Very often, a single photo can’t represent the entire dynamic range of light in a scene due to the physical limitations of the sensor. The picture is either underexposed (too dark) or overexposed (too bright), or both at the same time.
Hydra allows you to overcome this limitation by merging a number of photos with different exposure settings and to create a natural image that is much closer to what your eyes actually see. Alternatively, Hydra also lets you artistically push contrasts to increase drama and emotions in your pictures beyond reality.
Want to see it in action? Have a look at the video trailer, or download it and give it a try.
Hydra comes with a completely rewritten computation and display architecture that is optimized for Metal from the ground up. It provides a high-precision 128-bit per pixel internal format with extremely fast 60 FPS previewing at full resolution.
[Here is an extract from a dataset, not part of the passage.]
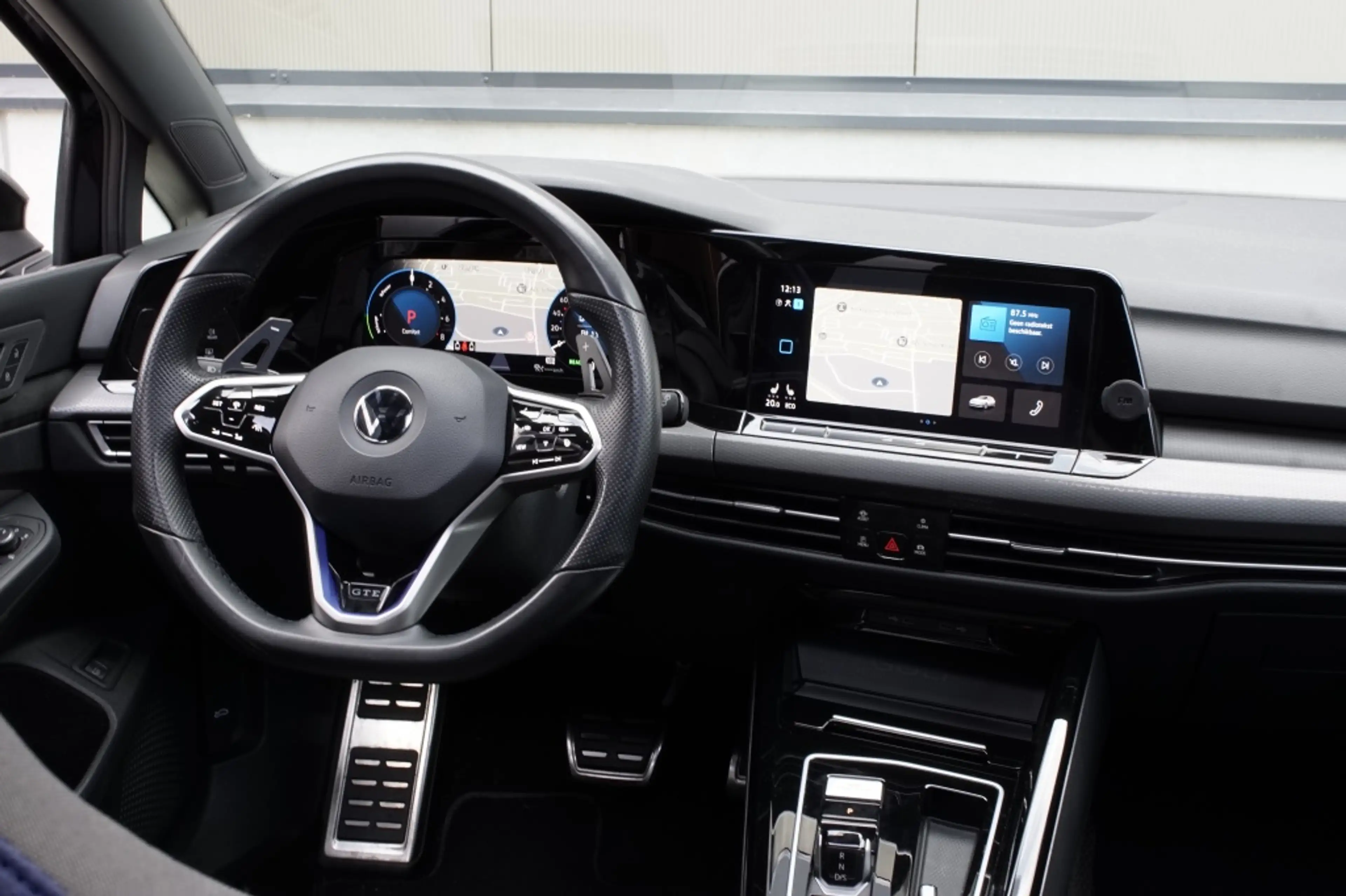 Volkswagen Golf GTE 1.4 eHybrid | Pano | Heads-up | Keyless entry | Do — photo 13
This lets you change tone mapper settings in real-time, at full size, and with no delay which in turn gives you more creative power and control on the result.
Hydra 4 provides an advanced alignment tool to interactively align images against the reference one by locating feature points. You can inspect alignment quality through various 1 to 1 image difference schemes (blue/red, overlay…) or even preview the whole merging result. Full automatic alignment is also provided for simple cases.
For ghost handling, Hydra 4 lets you delineate regions where moving subjects occur, and then, for each of these region, define which images do contribute to the merged image. This makes it possible to create beautiful HDR images even for difficult conditions.
This new tone mapper allows real-time previewing on the full resolution image for the best possible user experience. All settings get instant feedback that corresponds to the actual output.
12 tone mapping presets are available in Hydra 4 from which you can start, and then fine-tune the result using Hydra’s manual mode.
A number of unique features are also provided for a complete HDR editing experience, such as a new comparison tool that lets you compare the result with individual input pictures, a flashing mode that shows under- or overexposed regions, and snapshots that let you quickly save multiple tone mapper configurations to later compare together.
Hydra 4 also provides more advanced options when needed, such RAW input options, Radiance and OpenEXR input and output file formats, color space choices for image exports, and per-scope tone mapper settings.